Magyar Ginkgo is an excellent choice for parkways, a street tree, as well a lawn/shade tree. One of the best performers in our fields, this hardy tree will create longevity in your landscape. Tolerant of compact soils, heat, air pollution and salt it is suitable for a wide variety of sites. With vibrant yellow fall color, and branch structure that creates winter interest, this is a great choice for a shade tree. Plus, it’s a living fossil! May also be known as Maidenhair Tree.
Magyar Ginkgo is best used as a street tree as it out-performs other cultivars with its resistance to salt and compacts soils. It can also be used as a shade tree in that hard to grow spot in your yard, or near your driveway. Magyar is effective for city park cites as well as commercial buildings. A great vertical and structural addition to any landscape. Site Magyar Ginkgo in a full sun location when available, and part shade when necessary.
Little to no wildlife value as Magyar Ginkgo is a seedless (male) cultivar, so it does not attract birds. The female Ginkgo produces a fruit which is known to bring an unpleasant smell with it, making it industry standard to sell male cultivars.
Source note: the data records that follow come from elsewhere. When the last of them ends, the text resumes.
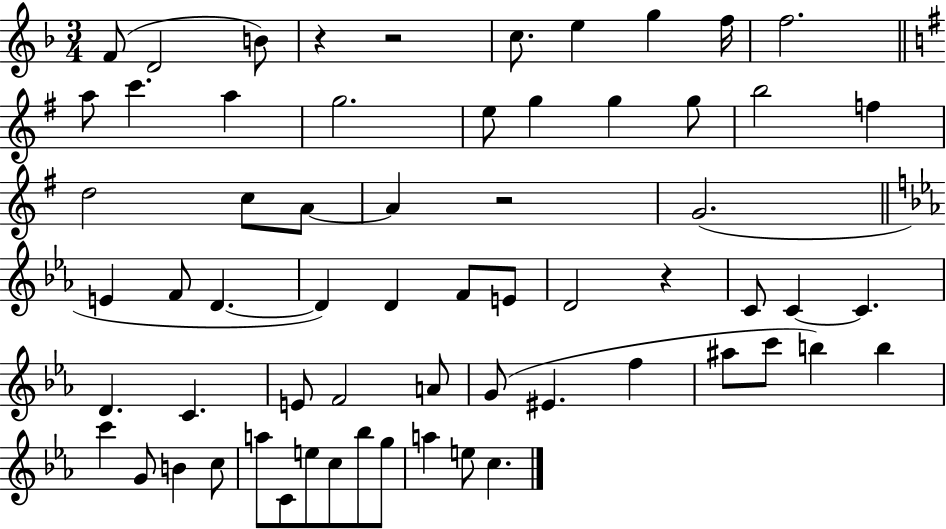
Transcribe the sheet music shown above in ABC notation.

X:1
T:Untitled
M:3/4
L:1/4
K:F
F/2 D2 B/2 z z2 c/2 e g f/4 f2 a/2 c' a g2 e/2 g g g/2 b2 f d2 c/2 A/2 A z2 G2 E F/2 D D D F/2 E/2 D2 z C/2 C C D C E/2 F2 A/2 G/2 ^E f ^a/2 c'/2 b b c' G/2 B c/2 a/2 C/2 e/2 c/2 _b/2 g/2 a e/2 c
Additionally, it is deer resistant.
Magyar Ginkgo is known to do well in very compact soils and is suitable in a variety of soils ranging from sand and loam to heavy clay, however, do not plant in a poorly drained location. It can tolerate saline conditions so it will do fine near driveways/roads/parking lots. We recommend a 2-3” deep mulch ring around newly planted trees. Magyar Ginkgo requires little to no pruning to attain strong branch structure; however if you prefer to, prune in early spring. Ginkgo are known to transplant easily. Very low maintenance.
There is no known serious insect or disease problems. Ginkgo may grow slow initially in the landscape but will pick up later with proper water supply.
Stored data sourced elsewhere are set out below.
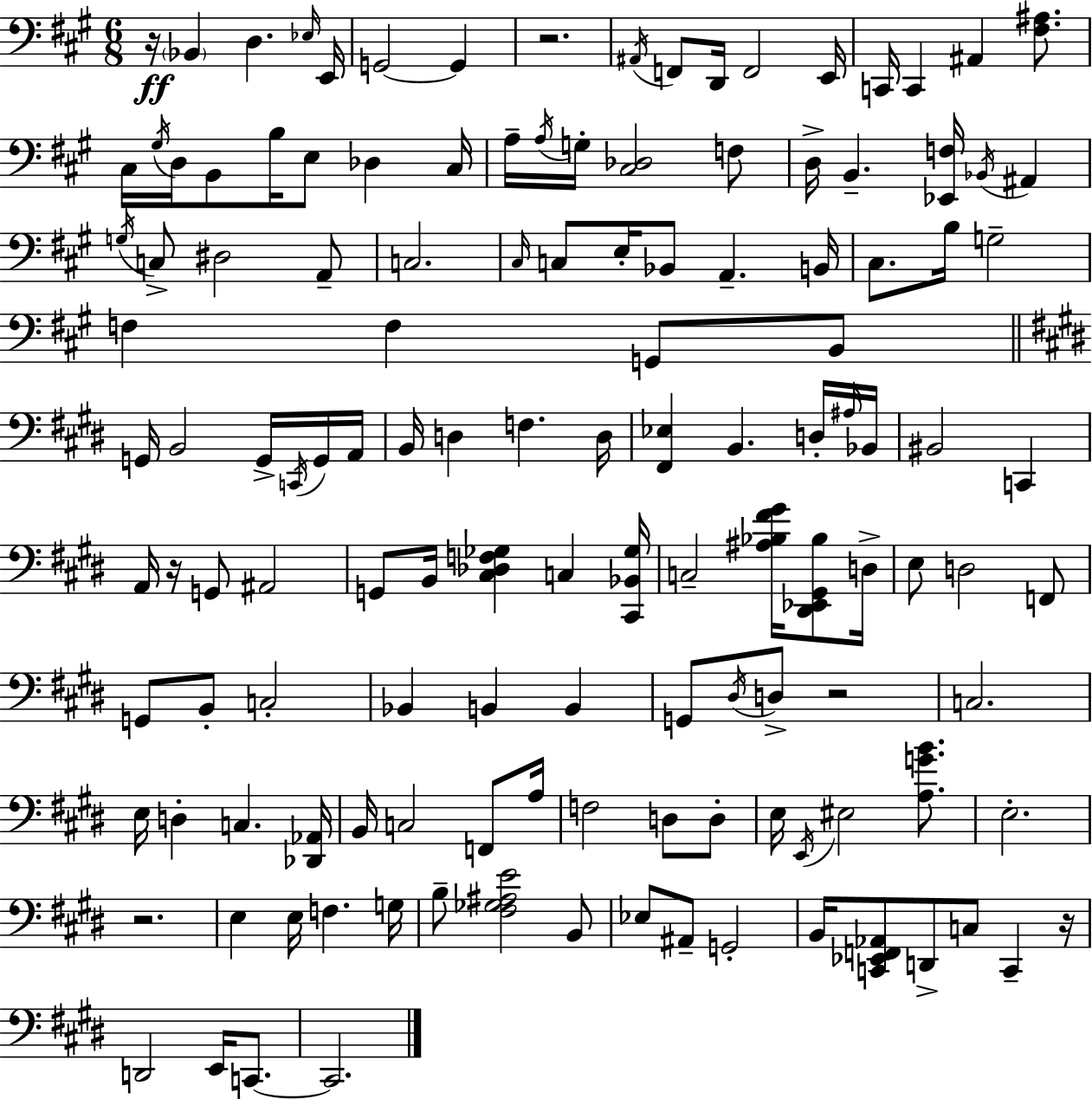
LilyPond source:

{
  \clef bass
  \numericTimeSignature
  \time 6/8
  \key a \major
  r16\ff \parenthesize bes,4 d4. \grace { ees16 } | e,16 g,2~~ g,4 | r2. | \acciaccatura { ais,16 } f,8 d,16 f,2 | \break e,16 c,16 c,4 ais,4 <fis ais>8. | cis16 \acciaccatura { gis16 } d16 b,8 b16 e8 des4 | cis16 a16-- \acciaccatura { a16 } g16-. <cis des>2 | f8 d16-> b,4.-- <ees, f>16 | \break \acciaccatura { bes,16 } ais,4 \acciaccatura { g16 } c8-> dis2 | a,8-- c2. | \grace { cis16 } c8 e16-. bes,8 | a,4.-- b,16 cis8. b16 g2-- | \break f4 f4 | g,8 b,8 \bar "||" \break \key e \major g,16 b,2 g,16-> \acciaccatura { c,16 } g,16 | a,16 b,16 d4 f4. | d16 <fis, ees>4 b,4. d16-. | \grace { ais16 } bes,16 bis,2 c,4 | \break a,16 r16 g,8 ais,2 | g,8 b,16 <cis des f ges>4 c4 | <cis, bes, ges>16 c2-- <ais bes fis' gis'>16 <dis, ees, gis, bes>8 | d16-> e8 d2 | \break f,8 g,8 b,8-. c2-. | bes,4 b,4 b,4 | g,8 \acciaccatura { dis16 } d8-> r2 | c2. | \break e16 d4-. c4. | <des, aes,>16 b,16 c2 | f,8 a16 f2 d8 | d8-. e16 \acciaccatura { e,16 } eis2 | \break <a g' b'>8. e2.-. | r2. | e4 e16 f4. | g16 b8-- <fis ges ais e'>2 | \break b,8 ees8 ais,8-- g,2-. | b,16 <c, ees, f, aes,>8 d,8-> c8 c,4-- | r16 d,2 | e,16 c,8.~~ c,2. | \break \bar "|."
}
Magyar Ginkgo is a male form of Ginkgo biloba that was first sited growing in front of the Magyar Bank in New Brunswick, New Jersey. Discovered for its narrow and upright form, with ascending branches it has become quite a reliable tree.
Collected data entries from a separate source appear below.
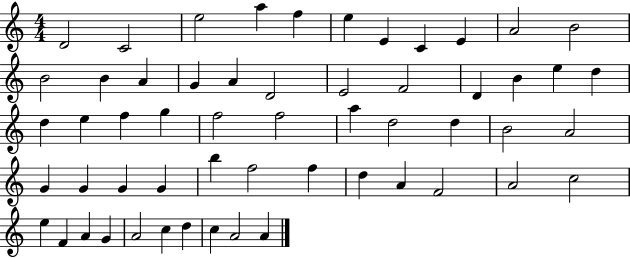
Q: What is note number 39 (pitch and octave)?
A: B5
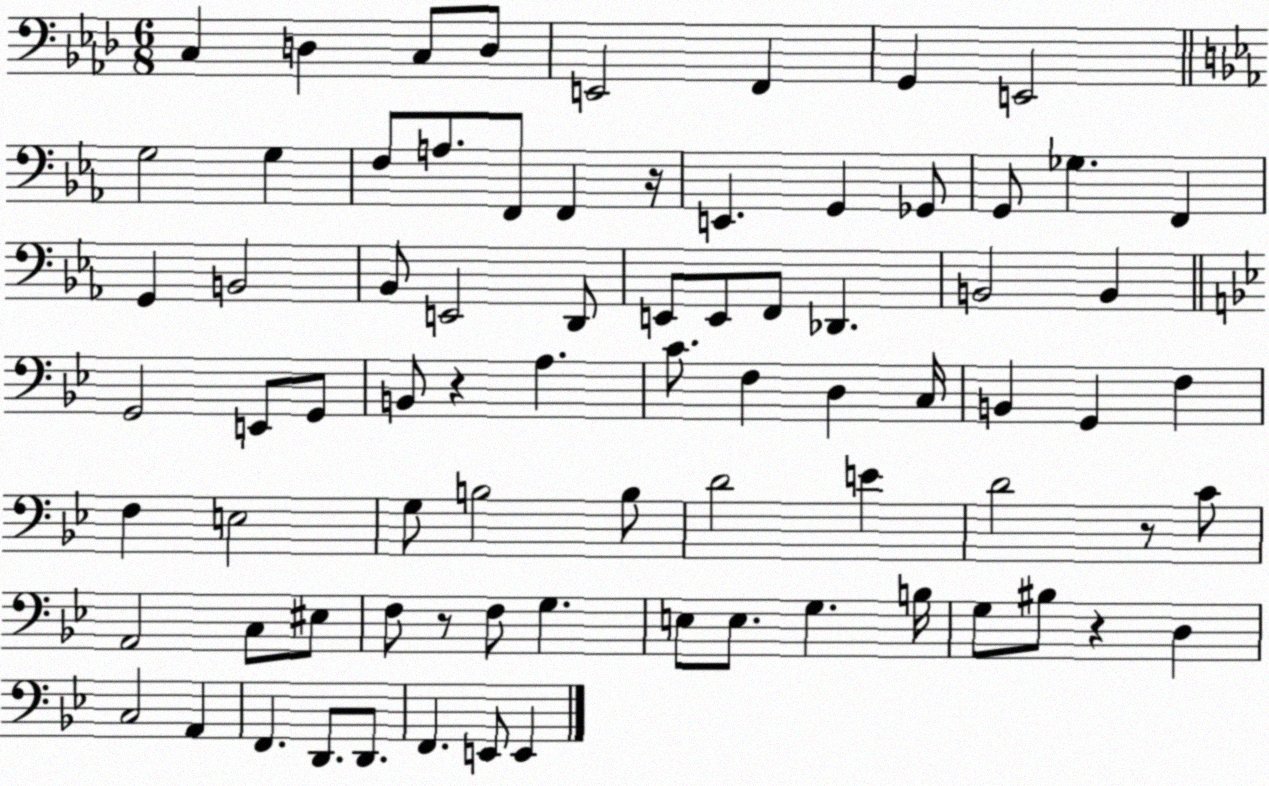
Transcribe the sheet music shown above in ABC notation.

X:1
T:Untitled
M:6/8
L:1/4
K:Ab
C, D, C,/2 D,/2 E,,2 F,, G,, E,,2 G,2 G, F,/2 A,/2 F,,/2 F,, z/4 E,, G,, _G,,/2 G,,/2 _G, F,, G,, B,,2 _B,,/2 E,,2 D,,/2 E,,/2 E,,/2 F,,/2 _D,, B,,2 B,, G,,2 E,,/2 G,,/2 B,,/2 z A, C/2 F, D, C,/4 B,, G,, F, F, E,2 G,/2 B,2 B,/2 D2 E D2 z/2 C/2 A,,2 C,/2 ^E,/2 F,/2 z/2 F,/2 G, E,/2 E,/2 G, B,/4 G,/2 ^B,/2 z D, C,2 A,, F,, D,,/2 D,,/2 F,, E,,/2 E,,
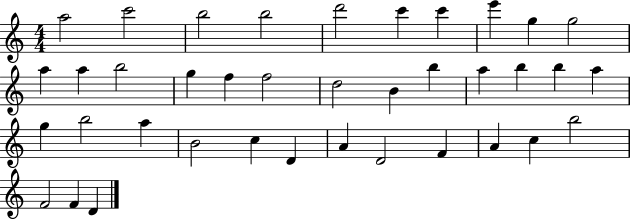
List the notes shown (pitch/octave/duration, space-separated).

A5/h C6/h B5/h B5/h D6/h C6/q C6/q E6/q G5/q G5/h A5/q A5/q B5/h G5/q F5/q F5/h D5/h B4/q B5/q A5/q B5/q B5/q A5/q G5/q B5/h A5/q B4/h C5/q D4/q A4/q D4/h F4/q A4/q C5/q B5/h F4/h F4/q D4/q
The genus name of Ginkgo is a missed translation of the Japanese ‘gin’ meaning silver and ‘kyo’ meaning apricot dating back to the 17th century. A long-time symbol of longevity, the Ginkgo’s history is an astonishing one.
Ginkgo trees are known as a living fossil, with leaf impressions dating back 270 million years!! It is also a readily available medicine throughout the world. A lot of trees claim to be resilient, but how many can say their species has survived an Atomic bomb dropped in Hiroshima? Roughly 170 Ginkgo biloba survived the blast in 1945. Talk about a living legend! A true symbol of longevity, this tree will most likely outlive generations to come. A single Ginkgo tree can live for over 1,000 years. Autumn Gold™ Ginkgo, can be expected to do the same.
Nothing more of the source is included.